Yet Another Blog in Statistical Computing

I can calculate the motion of heavenly bodies but not the madness of people. -Isaac Newton

Archive for the ‘Operational Risk’ Category

Using Tweedie Parameter to Identify Distributions

In the development of operational loss models, it is important to identify which distribution should be used to model operational risk measures, e.g. frequency and severity. For instance, why should we use the Gamma distribution instead of the Inverse Gaussian distribution to model the severity?

In my previous post https://statcompute.wordpress.com/2016/11/20/modified-park-test-in-sas, it is shown how to use the Modified Park test to identify the mean-variance relationship and then decide the corresponding distribution of operational risk measures. Following the similar logic, we can also leverage the flexibility of the Tweedie distribution to accomplish the same goal. Based upon the parameterization of a Tweedie distribution, the variance = Phi * (Mu ** P), where Mu is the mean and P is the power parameter.
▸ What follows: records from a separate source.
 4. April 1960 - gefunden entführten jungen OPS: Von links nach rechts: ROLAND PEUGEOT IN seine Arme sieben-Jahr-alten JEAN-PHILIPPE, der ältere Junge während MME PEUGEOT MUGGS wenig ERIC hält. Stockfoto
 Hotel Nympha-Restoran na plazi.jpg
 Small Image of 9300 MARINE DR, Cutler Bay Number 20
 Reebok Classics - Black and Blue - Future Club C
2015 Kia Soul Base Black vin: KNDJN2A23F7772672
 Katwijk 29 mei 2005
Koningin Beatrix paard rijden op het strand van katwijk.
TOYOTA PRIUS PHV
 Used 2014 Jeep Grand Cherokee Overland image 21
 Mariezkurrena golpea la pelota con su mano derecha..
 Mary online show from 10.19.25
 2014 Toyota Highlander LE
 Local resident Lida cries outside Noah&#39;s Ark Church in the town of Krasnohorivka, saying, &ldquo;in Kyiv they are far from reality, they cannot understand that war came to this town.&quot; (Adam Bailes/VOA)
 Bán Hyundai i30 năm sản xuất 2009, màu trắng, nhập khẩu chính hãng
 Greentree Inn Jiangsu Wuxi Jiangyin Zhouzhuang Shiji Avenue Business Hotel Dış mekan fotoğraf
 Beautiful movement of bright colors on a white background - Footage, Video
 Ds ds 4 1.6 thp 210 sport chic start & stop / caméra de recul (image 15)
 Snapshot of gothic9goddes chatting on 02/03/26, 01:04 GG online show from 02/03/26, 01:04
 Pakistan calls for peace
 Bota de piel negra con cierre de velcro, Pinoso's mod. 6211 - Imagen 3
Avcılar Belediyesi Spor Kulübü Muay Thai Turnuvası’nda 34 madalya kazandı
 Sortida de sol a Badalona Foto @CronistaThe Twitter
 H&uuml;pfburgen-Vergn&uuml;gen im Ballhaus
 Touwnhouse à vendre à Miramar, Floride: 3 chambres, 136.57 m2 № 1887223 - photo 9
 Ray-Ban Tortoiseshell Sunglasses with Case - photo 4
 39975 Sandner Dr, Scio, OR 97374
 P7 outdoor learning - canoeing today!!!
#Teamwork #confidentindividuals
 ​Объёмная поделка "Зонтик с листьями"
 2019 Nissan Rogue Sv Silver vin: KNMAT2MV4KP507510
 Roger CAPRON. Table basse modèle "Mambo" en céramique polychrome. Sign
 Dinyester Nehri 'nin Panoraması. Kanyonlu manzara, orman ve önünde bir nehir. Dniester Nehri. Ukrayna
Depending on the specific value of P, the Tweedie distribution can accommodate several important distributions commonly used in the operational risk modeling, including Poisson, Gamma, Inverse Gaussian. For instance,

  • With P = 0, the variance would be independent of the mean, indicating a Normal distribution.
  • With P = 1, the variance would be in a linear form of the mean, indicating a Poisson-like distribution
  • With P = 2, the variance would be in a quadratic form of the mean, indicating a Gamma distribution.
  • With P = 3, the variance would be in a cubic form of the mean, indicating an Inverse Gaussian distribution.

In the example below, it is shown that the value of P is in the neighborhood of 1 for the frequency measure and is near 3 for the severity measure and that, given P closer to 3, the Inverse Gaussian regression would fit the severity better than the Gamma regression.

library(statmod)
library(tweedie)

profile1 <- tweedie.profile(Claim_Count ~ Age + Vehicle_Use, data = AutoCollision, p.vec = seq(1.1, 3.0, 0.1), fit.glm = TRUE)
print(profile1$p.max)
# [1] 1.216327
# The P parameter close to 1 indicates that the claim_count might follow a Poisson-like distribution

profile2 <- tweedie.profile(Severity ~ Age + Vehicle_Use, data = AutoCollision, p.vec = seq(1.1, 3.0, 0.1), fit.glm = TRUE)
print(profile2$p.max)
# [1] 2.844898
# The P parameter close to 3 indicates that the severity might follow an Inverse Gaussian distribution

BIC(glm(Severity ~ Age + Vehicle_Use, data = AutoCollision, family = Gamma(link = log)))
# [1] 360.8064

BIC(glm(Severity ~ Age + Vehicle_Use, data = AutoCollision, family = inverse.gaussian(link = log)))
# [1] 350.2504

Together with the Modified Park test, the estimation of P in a Tweedie distribution is able to help us identify the correct distribution employed in operational loss models in the context of GLM.

Written by statcompute

June 24, 2017 at 10:55 pm

Double Poisson Regression in SAS

In the previous post (https://statcompute.wordpress.com/2016/11/27/more-about-flexible-frequency-models), I’ve shown how to estimate the double Poisson (DP) regression in R with the gamlss package. The hurdle of estimating DP regression is the calculation of a normalizing constant in the DP density function, which can be calculated either by the sum of an infinite series or by a closed form approximation. In the example below, I will show how to estimate DP regression in SAS with the GLIMMIX procedure.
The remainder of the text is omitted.